Improving avian influenza preparedness through e-learning
Avian influenza is one of the major transboundary animal diseases
FAO project: GCP/GLO/710/UK - Engaging the food and agriculture sectors in sub-Saharan Africa and South and South-east Asia in the global efforts to combat antimicrobial resistance using a One Health approach - AMR Farmer Field School
©FAO/Luis Tato
Avian influenza is one of the major transboundary animal diseases, which has a wide-ranging impact on the livelihoods of smallholder farmers and poultry farmers, regional and international trade, food safety, public health and international travel and tourism.
By incorporating FAO’s vision for digital innovation to prevent and control this detrimental disease, the FAO Virtual Learning Centers (VLCs) launched a new online pilot training on avian influenza preparedness. This training is intended for public and private veterinarians working in government veterinary services, directly involved in the surveillance, detection, prevention and response to avian influenza. FAO is inviting veterinary services to submit nominations for the course.
The four-week online course starting today will run through the newly established FAO VLCs. Up to 500 veterinarians from 98 member countries in the FAO regions of Africa, Asia and the Pacific, Europe and Central Asia, Latin America and the Caribbean, and the Near East and North Africa will benefit from this training. Alongside the students, a pool of 40 international experts from all over the world will join the course to bring a global and regional perspective and provide valuable feedback for the pilot version.
The overall objective of the course is to strengthen the capacity of the countries for early warning, risk reduction and management of avian influenza outbreaks through building knowledge and skills on the detection, prevention and response to avian influenza outbreaks amongst technical specialists and field veterinarians.
The impact of the course will support the United Nations’ Sustainable Development Goals (SDGs) by reducing the socioeconomic and public health impacts of avian influenza, securing livelihoods, improving food security and food safety, and increasing productivity in the poultry sector.
The course
The course is conducted entirely online, will take approximately 12 hours to complete and will be open for four weeks. The course starts with an interactive webinar, where participants meet with their trainers and learn about the course and avian influenza. The trainees will then learn through eight interactive online modules, covering the impact and importance of avian influenza, epidemiology, pathogenesis and clinical diagnosis, laboratory diagnosis, outbreak investigation, prevention, surveillance, control with and without vaccination, etc. This interactive course is enriched with audiovisual materials and self-assessment questions. During the course, expert trainers will be available through a discussion forum to answer questions from the trainees and to lead interactive discussions.
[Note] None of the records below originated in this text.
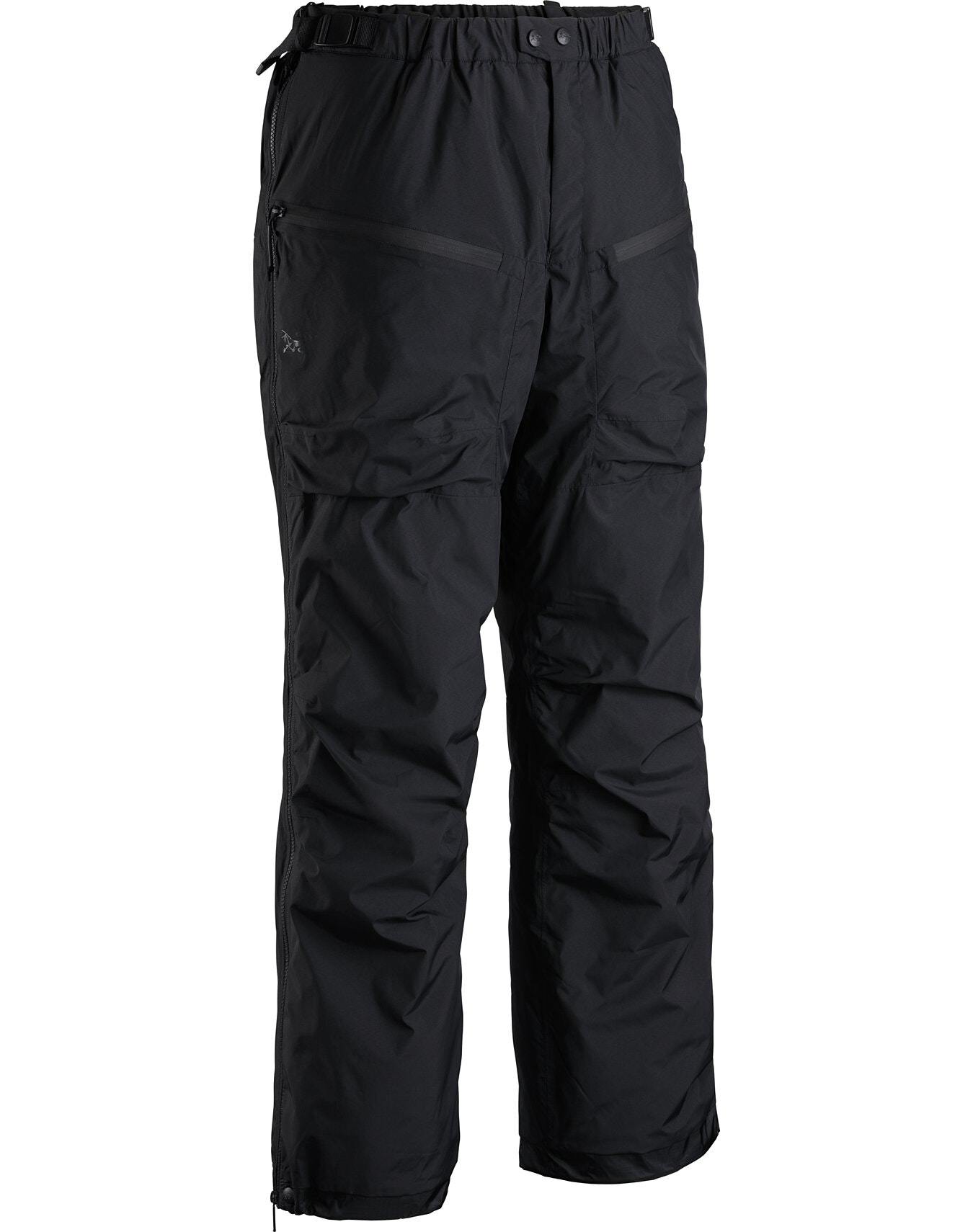 Arc'teryx Cold WX Pant LT Gen2 - Black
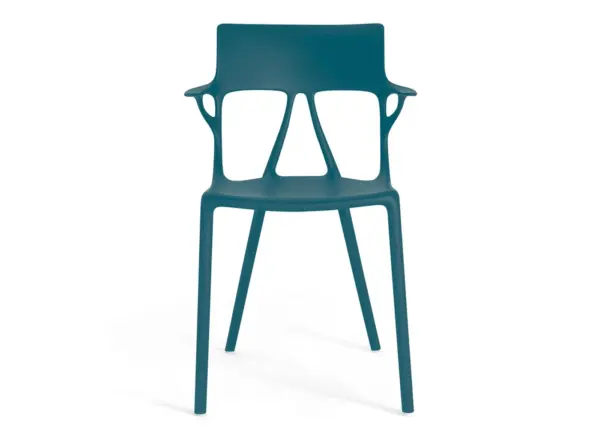 Kartell AI Chair1 Kartell AI Chair1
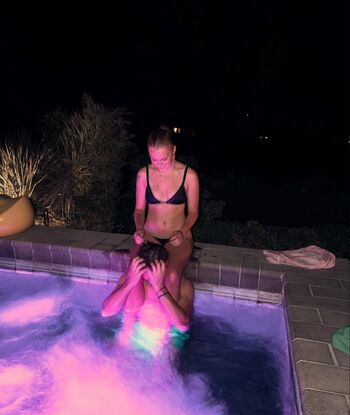 Jojo siwa page leaked private photo uncensored HD quality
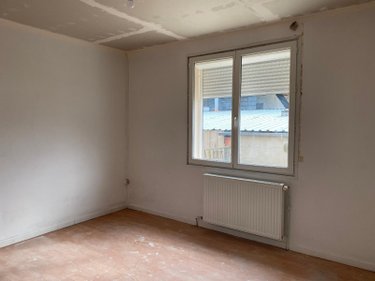 Maison a vendre Molinet 03510 Allier 135 m2  73960 euros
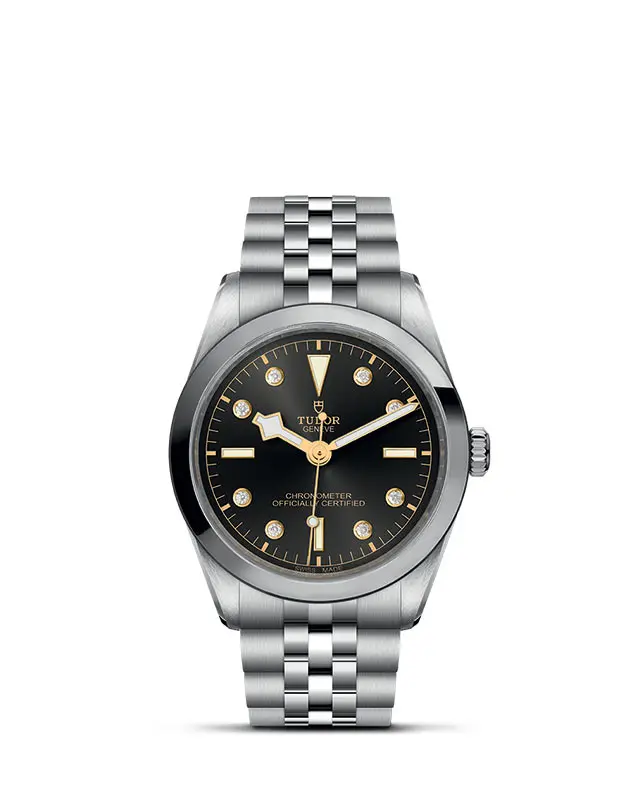 Black Bay One 36 referenza 79640 presso Gioielleria Fenocchi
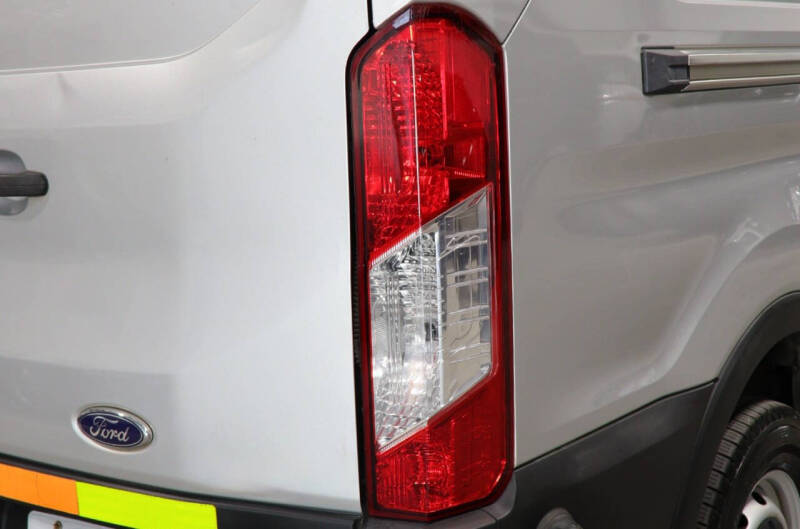 2020 Ford Transit 150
As the course is open for four weeks, a specific topic is covered each week using a discussion forum. Trainers post questions to challenge participants and deepen their understanding of the course materials. The course ends with a final course assessment and a closing webinar covering topics that were difficult for participants or sparked the most discussion in the forum. Participants who complete the coursework with a comprehensive assessment are awarded a certificate. Finally, through the feedback section, participants can provide suggestions for further improvement.
About the FAO VLCs
The FAO VLCs are virtual hubs born to develop and improve One Health capacities in all FAO regions and subregions. The mission is to provide trainees with access to inclusive, engaging, and high-quality training using a variety of methodologies such as online tutored courses, blended learning, technical webinars and mobile learning. Through the use of communication technology and instructional design, the VLC develop courses that readily respond to regional needs and priorities and fill knowledge gaps identified in different topic areas.
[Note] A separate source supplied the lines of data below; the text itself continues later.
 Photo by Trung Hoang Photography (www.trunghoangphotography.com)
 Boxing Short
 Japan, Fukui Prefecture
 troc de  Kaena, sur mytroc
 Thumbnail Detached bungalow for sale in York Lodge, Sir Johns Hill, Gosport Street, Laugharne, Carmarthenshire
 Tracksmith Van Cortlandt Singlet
The FAO VLCs training model is sustainable, scalable and inclusive. It allows ample and geographically disparate audiences to be trained in an interdisciplinary manner. Cascading trainings maximizes the efficiency of the entire training process and makes education accessible to youth, women and field experts in need of skills.
To date VLCs have been established in all six FAO regions, delivering courses to more than 5 000 trainees around the world. The courses are developed in close collaboration with FAO technical divisions, regional focal points and international experts. The FAO VLCs’ work and impact helps to deliver the SDGs, particularly SDG 1, 2 and 5, and fits into FAO’s Hand-in-Hand Initiative and FAO’s Strategic Framework.